== RECORDS FOR THIS EXERCISE ==
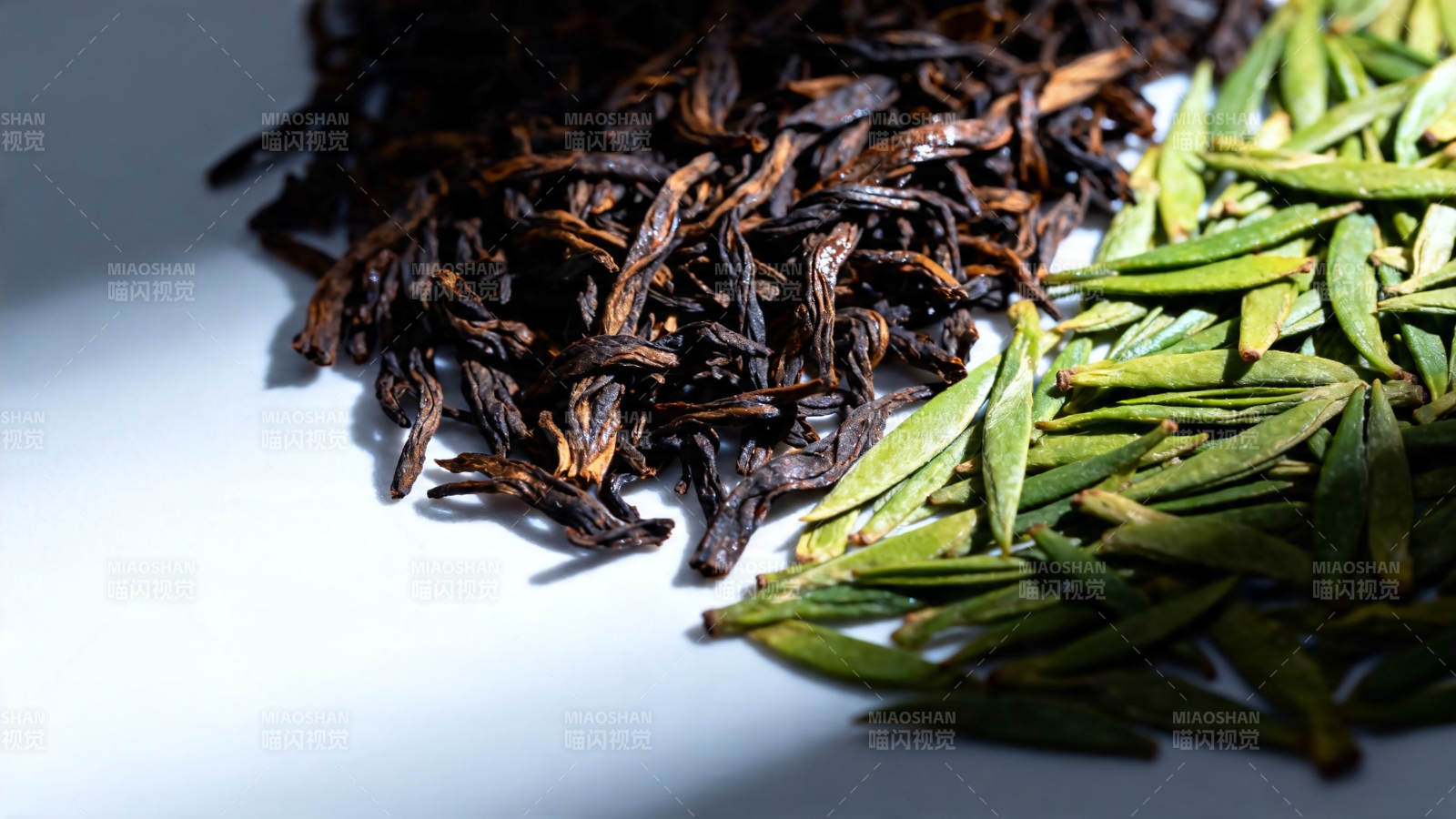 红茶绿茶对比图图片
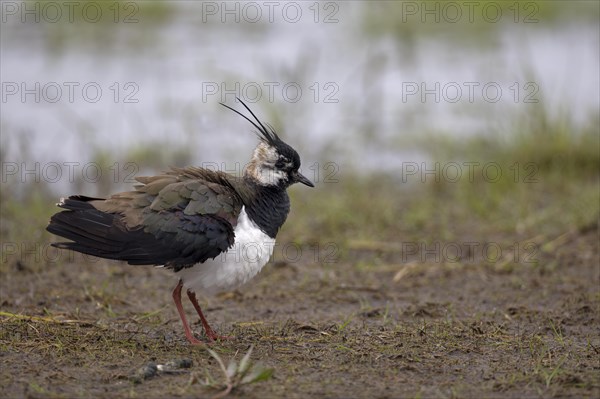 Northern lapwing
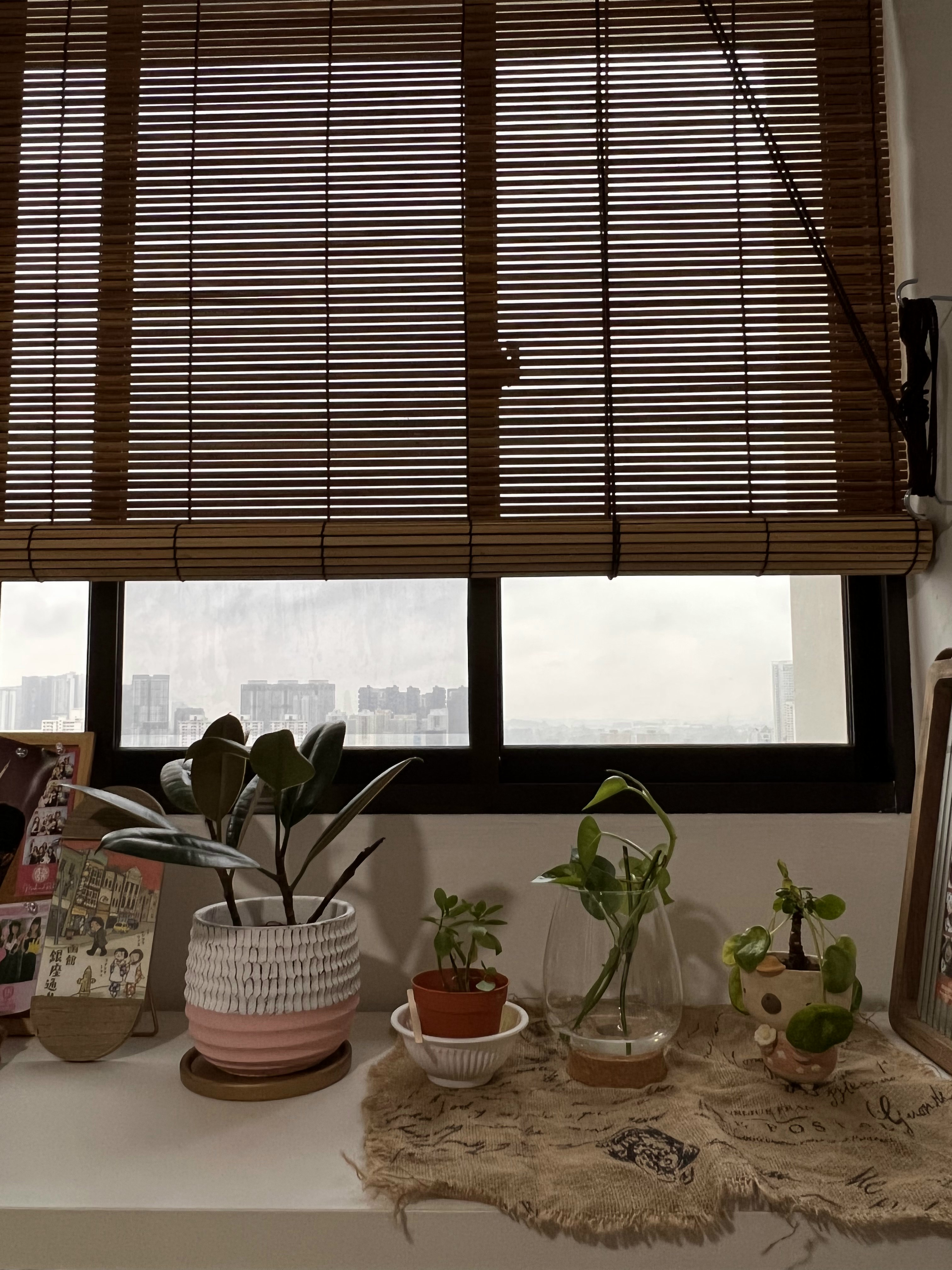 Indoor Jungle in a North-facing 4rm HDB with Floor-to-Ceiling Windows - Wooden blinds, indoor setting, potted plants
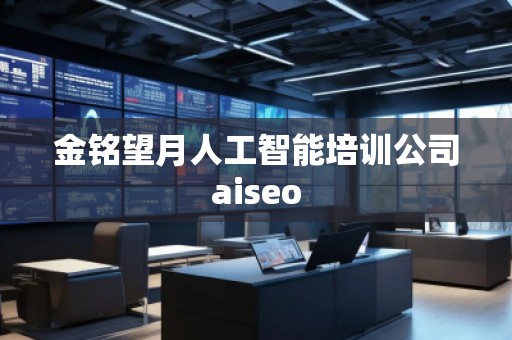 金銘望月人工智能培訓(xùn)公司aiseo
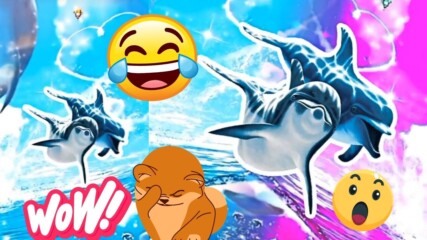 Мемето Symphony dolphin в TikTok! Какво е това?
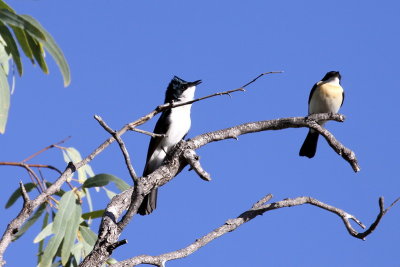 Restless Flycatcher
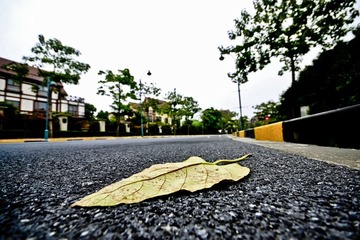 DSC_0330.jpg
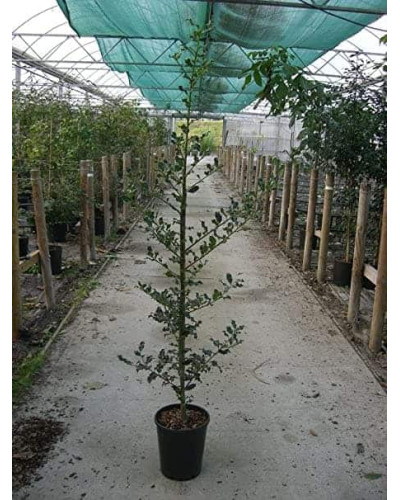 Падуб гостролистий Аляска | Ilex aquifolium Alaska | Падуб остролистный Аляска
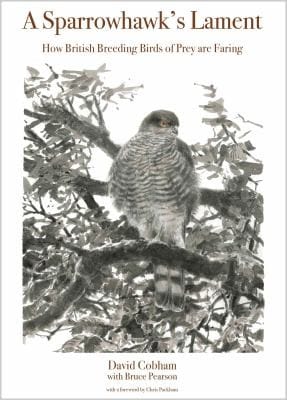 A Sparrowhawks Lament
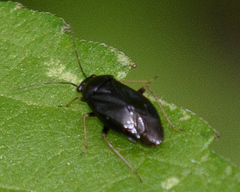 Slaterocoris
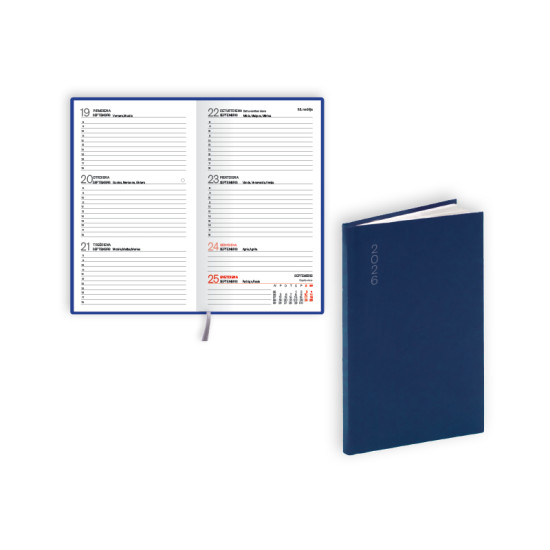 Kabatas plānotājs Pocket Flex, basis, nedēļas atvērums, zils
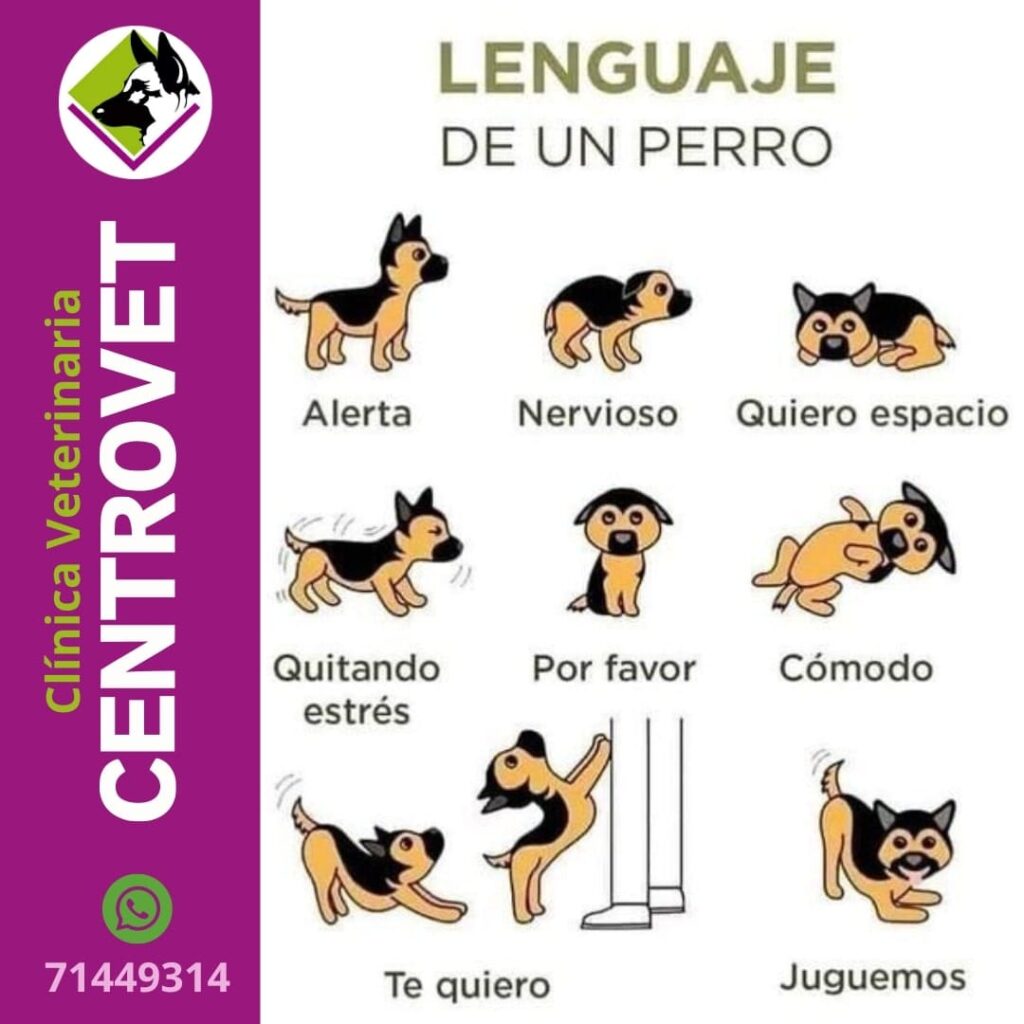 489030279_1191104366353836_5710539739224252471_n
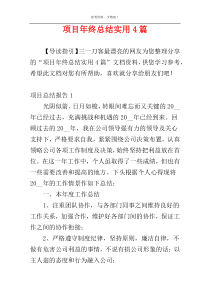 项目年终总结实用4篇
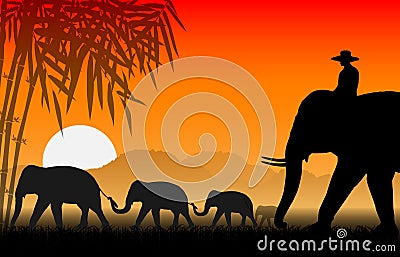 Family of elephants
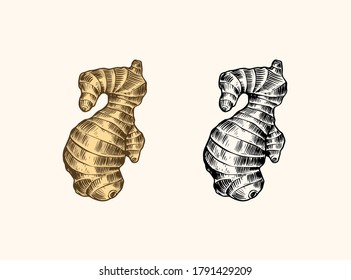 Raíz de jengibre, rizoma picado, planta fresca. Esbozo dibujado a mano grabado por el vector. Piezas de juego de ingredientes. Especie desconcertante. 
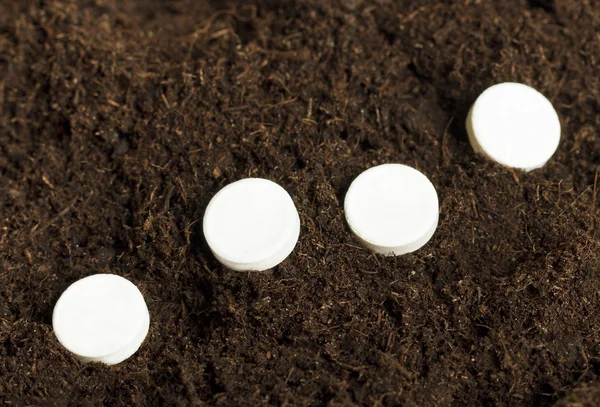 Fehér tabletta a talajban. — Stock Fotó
===
PROBLEM REQUIREMENTS
Leaving all pictures out, output exactly the lines of the material above from the line with "DSC_0330.jpg" to the line with "Family of elephants", both included.

YOUR RESPONSE
 DSC_0330.jpg
 Падуб гостролистий Аляска | Ilex aquifolium Alaska | Падуб остролистный Аляска
 A Sparrowhawks Lament
 Slaterocoris
 Kabatas plānotājs Pocket Flex, basis, nedēļas atvērums, zils
 489030279_1191104366353836_5710539739224252471_n
 项目年终总结实用4篇
 Family of elephants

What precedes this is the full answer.